UFC 157 Results: What Went Wrong for Dan Henderson

Andrew Saunders@SaundersMMACorrespondent IIFebruary 24, 2013

Feb 23, 2013; Anaheim, CA, USA; Dan Henderson (blue gloves) fights Lyoto Machida (red gloves) during their UFC welterweight bout at the Honda Center. Mandatory Credit: Jayne Kamin-Oncea-USA TODAY Sports
Jayne Kamin-Oncea-USA TODAY Sports

Six months ago, Dan Henderson was in final preparations for a planned matchup with UFC light heavyweight champion Jon Jones. Fast forward to today and you'll find the former PRIDE and Strikeforce champion in a completely different landscape.

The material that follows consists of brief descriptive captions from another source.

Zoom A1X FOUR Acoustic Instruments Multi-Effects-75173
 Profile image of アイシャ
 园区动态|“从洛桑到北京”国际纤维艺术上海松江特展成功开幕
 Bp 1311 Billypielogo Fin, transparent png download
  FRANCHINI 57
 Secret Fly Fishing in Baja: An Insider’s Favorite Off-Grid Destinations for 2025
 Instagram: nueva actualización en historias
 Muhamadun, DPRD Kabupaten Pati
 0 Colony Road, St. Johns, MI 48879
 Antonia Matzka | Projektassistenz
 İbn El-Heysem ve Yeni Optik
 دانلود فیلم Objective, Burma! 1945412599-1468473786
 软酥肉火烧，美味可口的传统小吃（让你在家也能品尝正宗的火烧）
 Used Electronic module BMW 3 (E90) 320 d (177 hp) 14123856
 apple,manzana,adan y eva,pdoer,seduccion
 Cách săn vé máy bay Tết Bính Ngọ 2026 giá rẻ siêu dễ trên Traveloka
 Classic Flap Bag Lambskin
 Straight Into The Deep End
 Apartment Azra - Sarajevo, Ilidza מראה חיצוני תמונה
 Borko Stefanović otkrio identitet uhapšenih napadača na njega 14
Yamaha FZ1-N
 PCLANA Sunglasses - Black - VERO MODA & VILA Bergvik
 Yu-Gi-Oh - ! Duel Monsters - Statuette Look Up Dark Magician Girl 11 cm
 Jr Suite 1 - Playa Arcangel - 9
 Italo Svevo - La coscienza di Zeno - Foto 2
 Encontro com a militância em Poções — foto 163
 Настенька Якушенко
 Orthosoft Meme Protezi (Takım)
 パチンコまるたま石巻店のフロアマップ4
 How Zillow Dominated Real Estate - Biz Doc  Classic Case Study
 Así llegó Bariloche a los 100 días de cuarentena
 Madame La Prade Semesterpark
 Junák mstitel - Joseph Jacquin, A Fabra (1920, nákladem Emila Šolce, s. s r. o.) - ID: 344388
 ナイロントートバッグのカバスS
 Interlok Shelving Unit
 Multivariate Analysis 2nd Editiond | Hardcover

By now, you're all familiar with the story of how a knee injury forced Henderson from the UFC 151 card, and in the wake of his removal, the entire event was cancelled.

UFC president Dana White decided to skip over Henderson for the next title shot and instead hand it to teammate Chael Sonnen. If Hendo was going to fight for the belt, he would need to defeat Lyoto Machida at UFC 157.

On Saturday night, Henderson came up short in a split decision loss against "The Dragon." At the age of 42, this might have been the last opportunity for the bona fide legend to get UFC gold.

So what went wrong?

Lyoto Machida is a Stylistic Nightmare

Henderson is known for his powerful right hand as well as Olympic-level wrestling that has been known to put many a foe on their back. However, those two attributes were negated by Machida's evasive striking, speed advantage and excellent takedown defense.

Machida was able to time Hendo's attacks and had a powerful counter waiting on several occasions, including knees to the body and an interceptor left hand.

Henderson Lacked Aggression

If Shogun taught us anything about Machida, it's that a fighter with a solid-enough chin to absorb his punches can defeat him in a blow-for-blow exchange. Had Henderson pushed the action and cut off the cage, Machida would have been forced to deal with Hendo's power striking.

Instead, Machida was able to sit back, counter the few real attempts to score and win rounds in the eyes of the judges.

16 Months of Ring Rust 

Although Henderson didn't gas as badly on Saturday as he did in outings against Shogun Rua and Jake Shields, his energy level during this three-round affair was below what he needed to get the job done.

The best moment of the fight for Henderson came after Machida slipped and Hendo was able to push him over and gain top position. However, the iron-chinned warrior was unable to do damage with ground-and-pound in the third and final round.

Perhaps this loss signals the end of the road for Henderson. At 42 years old, no one would blame the guy for not wanting to start over in hopes of a title shot.

At the end of the day, all we know is that Dan Henderson is a legend of this sport who simply wasn't able to earn the elusive title shot that he has been aching for since 2008. Whether or not he chooses to continue his journey has yet to be decided.